En parallèle en effet, Arnould Galopin se lance rapidement dans la publication de récits populaires, sans se spécialiser à l'origine dans la littérature destinée à la jeunesse. Les oeuvres pour enfants ont en effet longtemps cohabité avec des récits populaires d'une facture plus classique, comme les aventures du gentleman cambrioleur Edgar Pipe, rival de Raffles et d'Arsène Lupin qui connaîtra trois incarnations: Mémoires d'un cambrioleur retiré des affaires (1922), La Résurrection d'Edgar Pipe (1933) et La Dernière incarnation d'Edgar Pipe (1934).

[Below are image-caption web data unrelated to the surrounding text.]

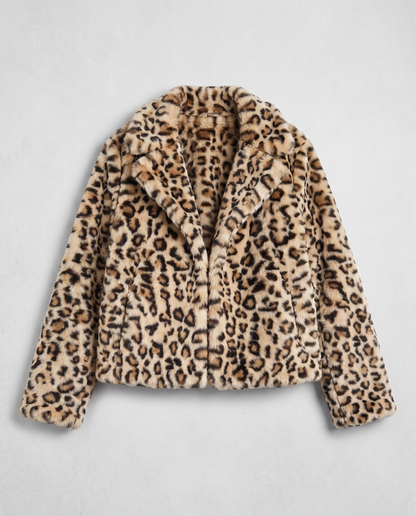 Leopard Print Faux Fur Coat – Beige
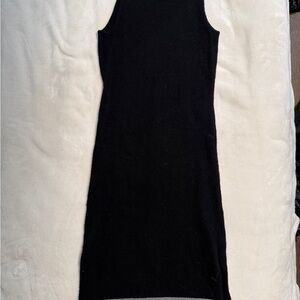 Athleta Ribbed Knit Mock Neck Black Dress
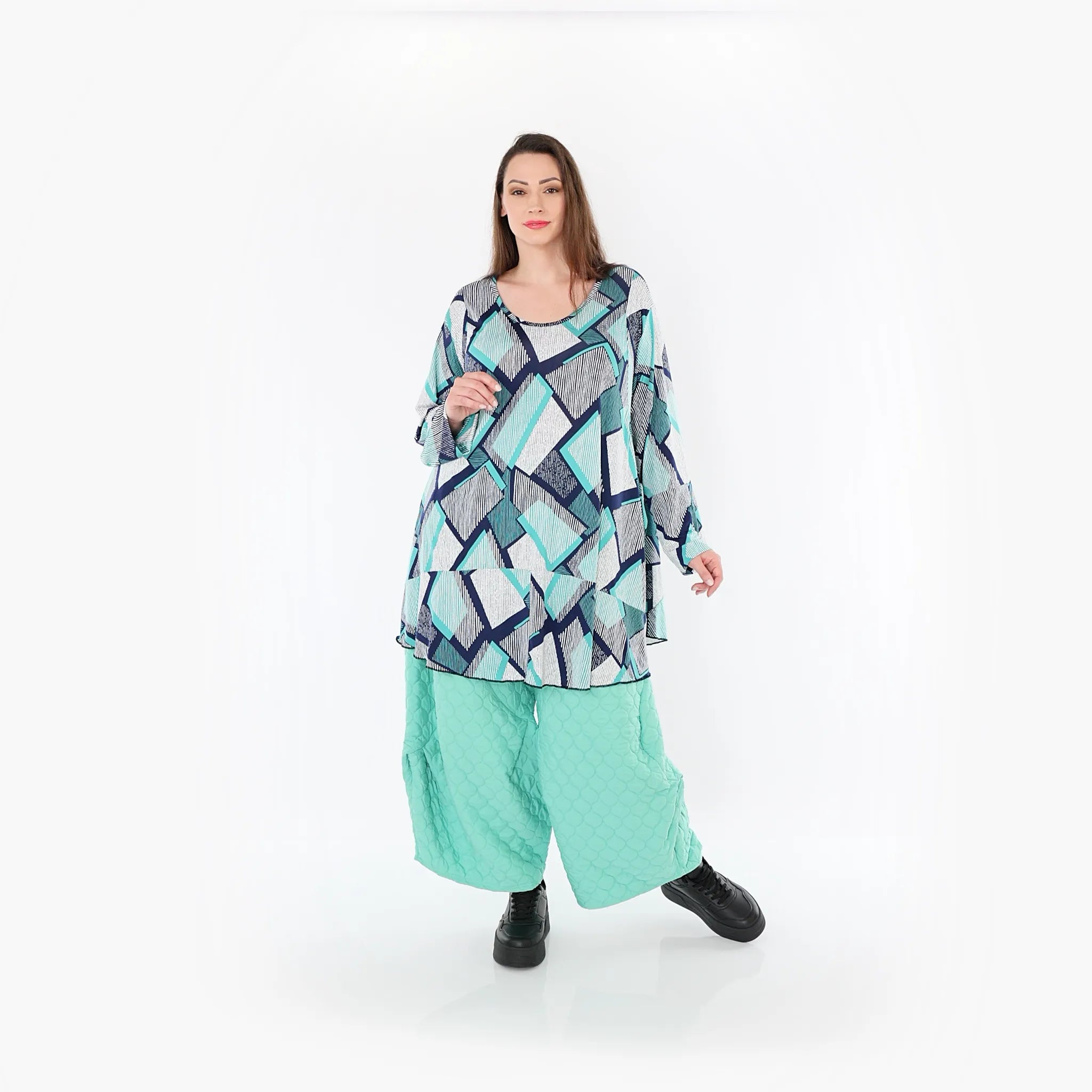  Ballonhose von AKH Fashion aus Materialmix, 1450.06631, Mintgrün, Jacquard, Schick, Schick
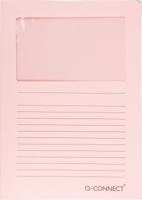 Q-CONNECT L-map met venster, 120 g/m², A4, pak van 100 stuks, lichtroze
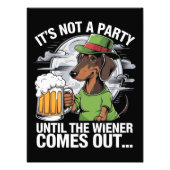 Het is geen feest tot Dachshund Irish Beer Wiener Foto Afdruk (Voorkant)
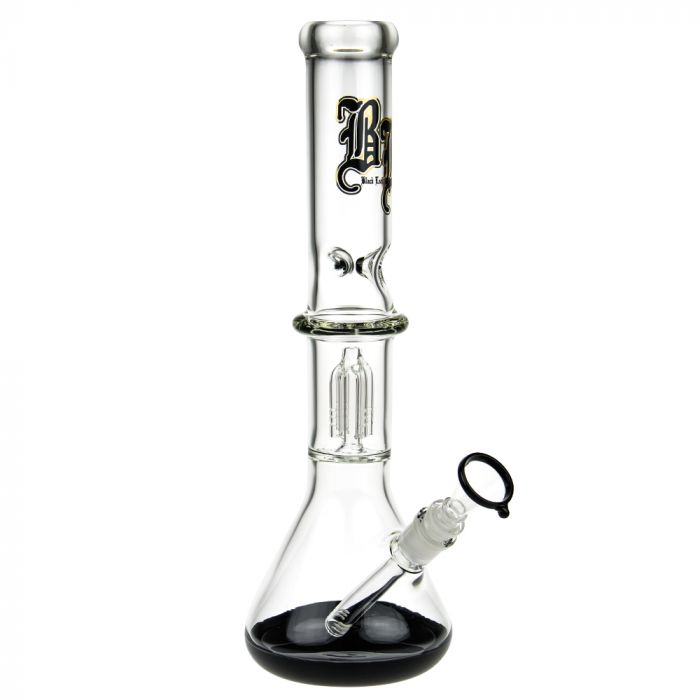 Black Leaf Beaker Base Ice Bong with 4-arm Tree Perc main product photo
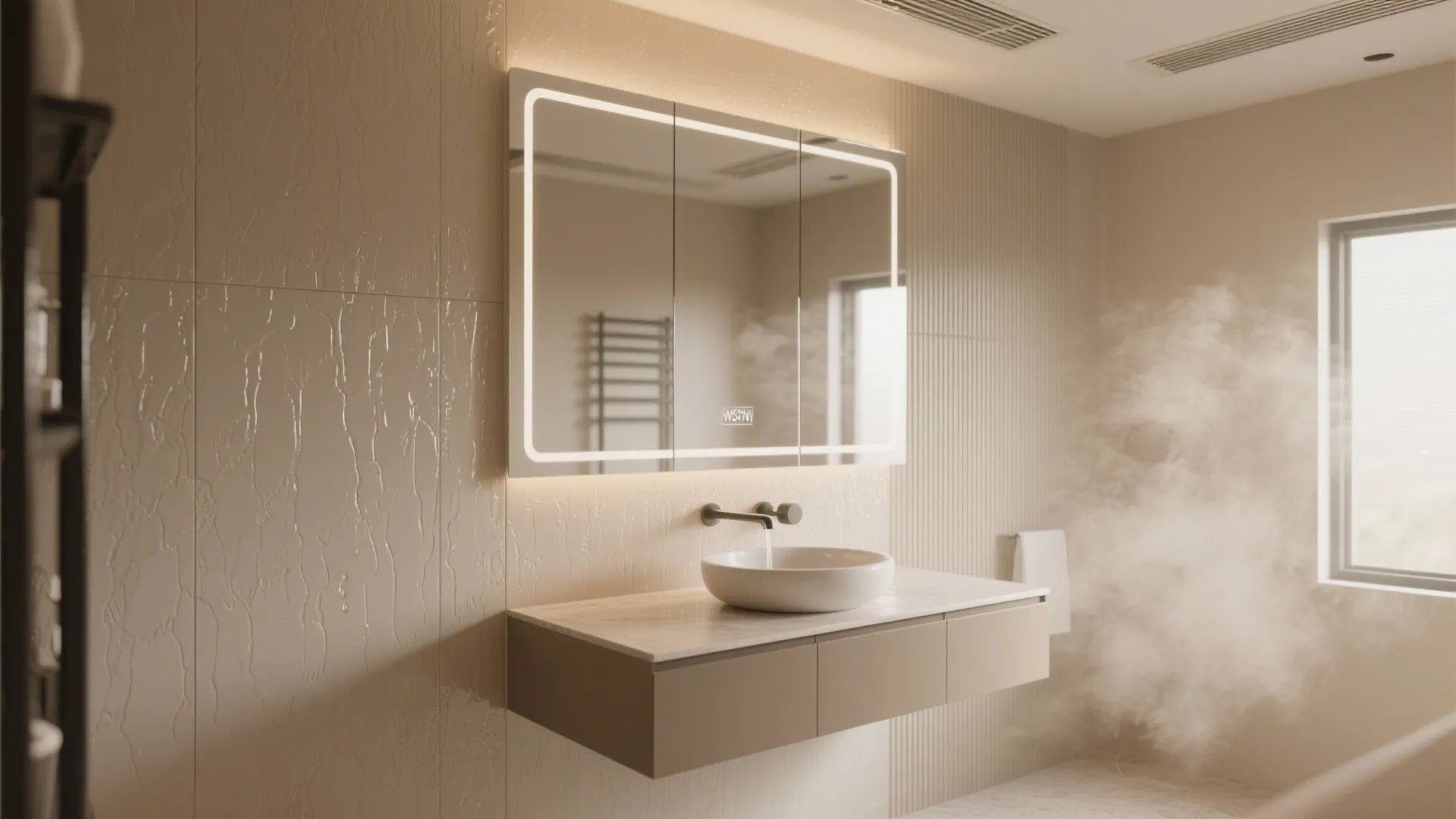 Modern bathroom with a glowing mirror cabinet above a sink and steam on the window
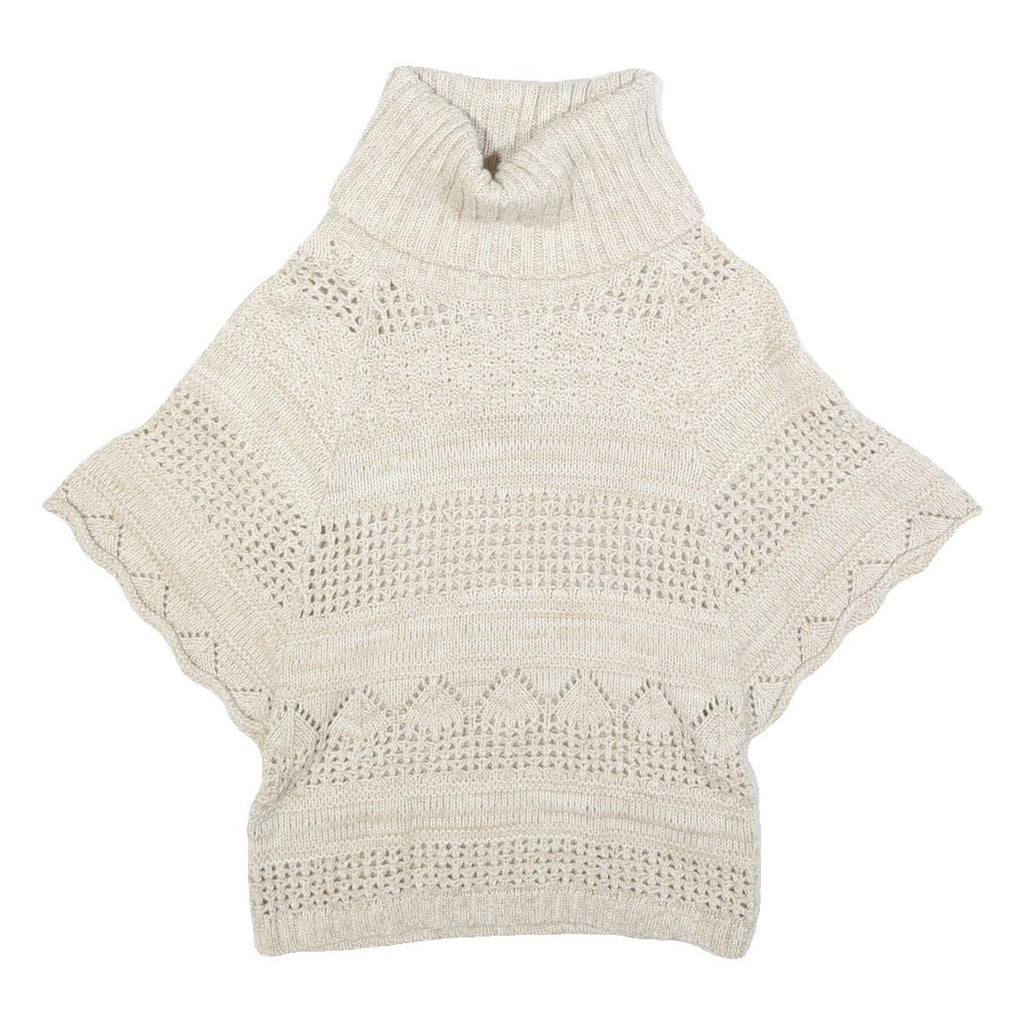 FAT FACE Womens Cream Plain Wool Blend Chunky Knit Roll Neck Jumper UK 10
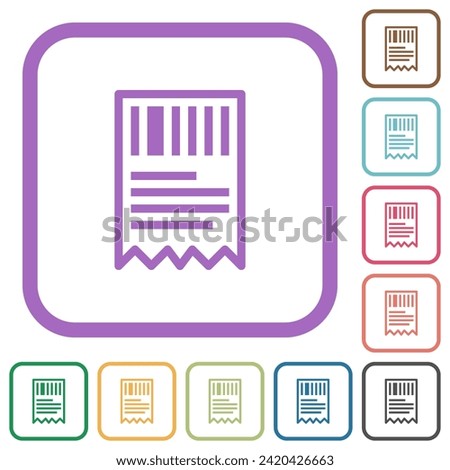 One receipt with barcode outline simple icons in color rounded square frames on white background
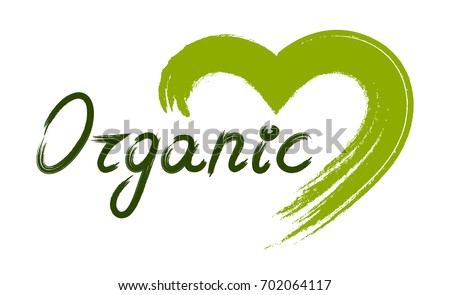 Organic green hand drawn lettering with green hand drawn heart. Vector illustration. Element for design. 商業照片 © 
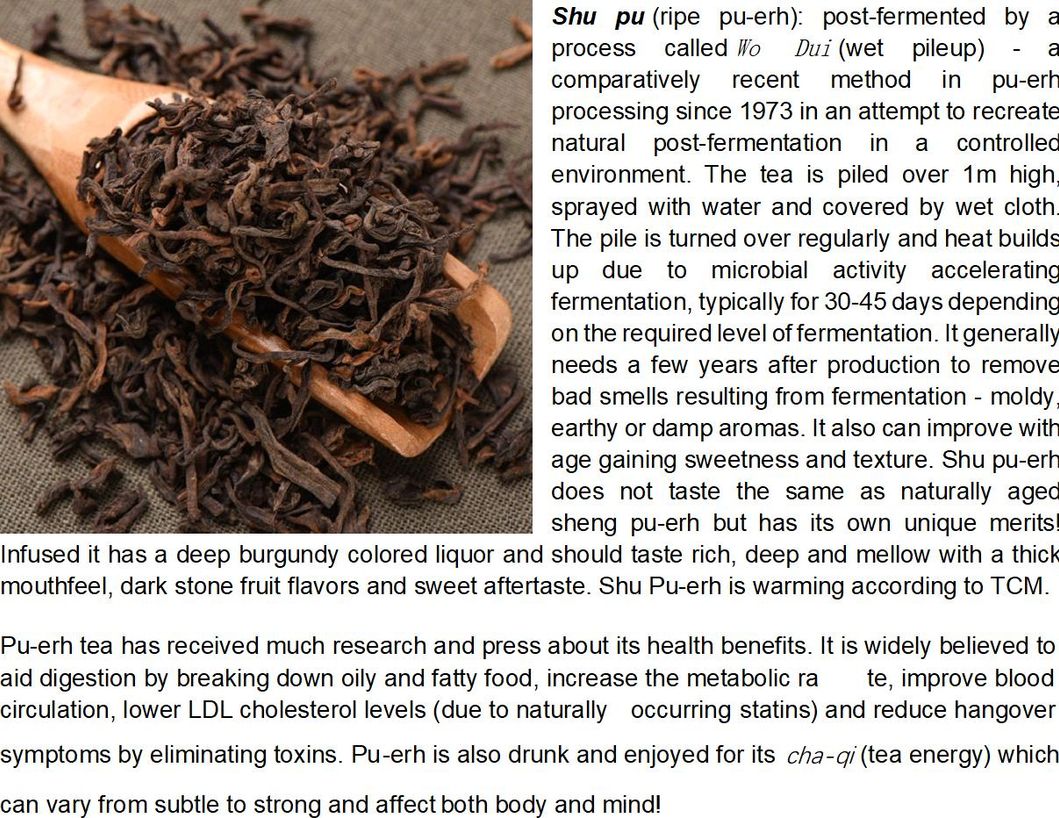 Cheap Tea Price Bulk #4 Yunnan Menghai Loose Shu Puer for Weight Loss Ripe Puer Tea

Anglais, comme Raffles, le personnage est vaniteux comme Hector Ratichon, le héros rogue de la Baronne Orczy, mais moins ambigu que cet homme de loi, fortuné comme Lupin, mais moins chanceux que ce dernier. C'est dans un esprit similaire qu'il faut considérer L'homme au complet gris pastiche des récits de Conan Doyle. Galopin s'est aussi voulu romancier de la mer, comme le sera après lui Jean d'Agraives. Il a ainsi publié toute une série de romans maritimes et d'anecdotes héroïques de la mer, comme Les Gars de la flotte (1918), Sur le front de mer (idem) ou Mathurin Le Clech (1927). En ces temps de guerre et de patriotisme, le récit maritime reste avant tout un récit patriotique: qu'il s'agisse d'évoquer la marine de guerre ou la marine marchande, ce sont les mérites du peuple français qui sont exaltés à travers ces exploits de marins. Plus généralement, les oeuvres de Galopin qui précèdent la première guerre mondiale ou la suivent directement sont très souvent marquées par un esprit patriotique, comme La Fiancée de l'espion (sous-titré Grand roman patriotique inédit) ou Sur la ligne de feu, qui s'inscrit dans la tradition des récits, publiés pendant la première guerre, et destinés à entretenir l'effort de guerre à l'arrière et le moral des troupes sur le front.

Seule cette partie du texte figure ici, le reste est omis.